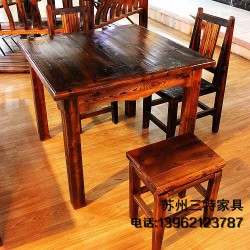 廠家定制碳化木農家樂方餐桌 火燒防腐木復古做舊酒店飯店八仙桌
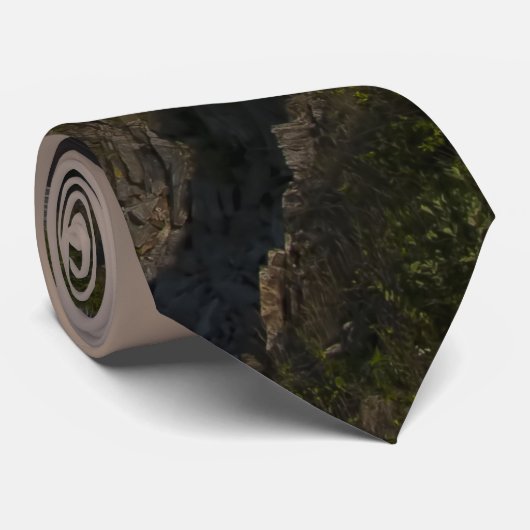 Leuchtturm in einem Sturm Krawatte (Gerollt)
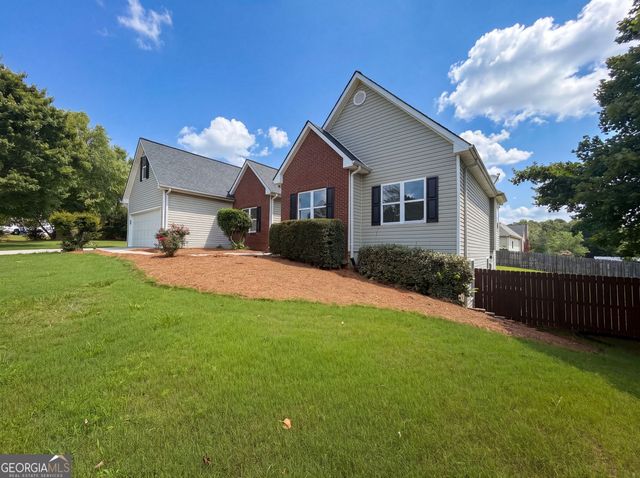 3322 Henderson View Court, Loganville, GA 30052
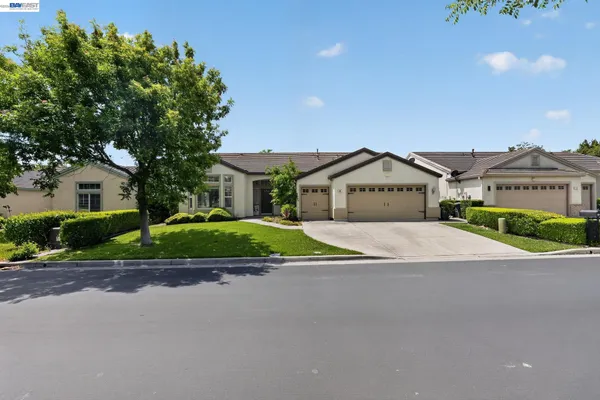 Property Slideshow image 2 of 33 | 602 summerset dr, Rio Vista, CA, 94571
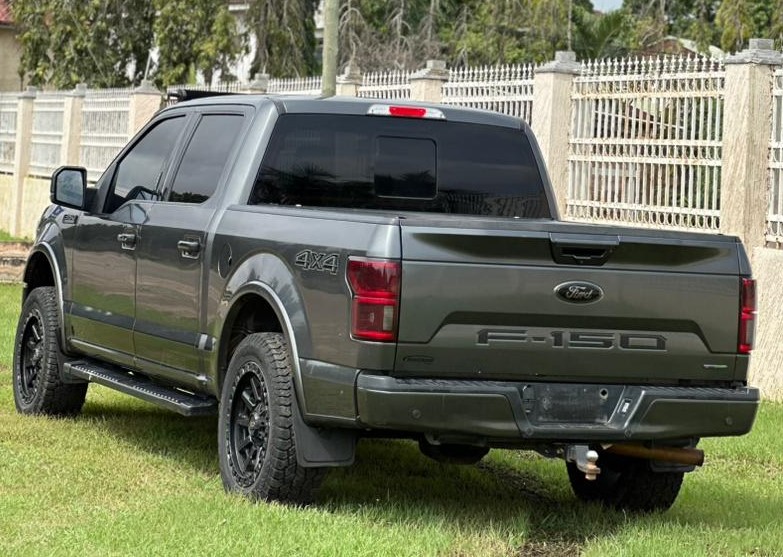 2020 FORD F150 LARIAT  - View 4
━━━━━━━━━━━━━━━━
__ASSIGNMENT__.
Starting with the line that contains "Property Slideshow image" and ending with the last line of the material, every line must be written out exactly; no other lines and no pictures are wanted.

__EXERCISE ANSWER__.
 Property Slideshow image 2 of 33 | 602 summerset dr, Rio Vista, CA, 94571
 2020 FORD F150 LARIAT  - View 4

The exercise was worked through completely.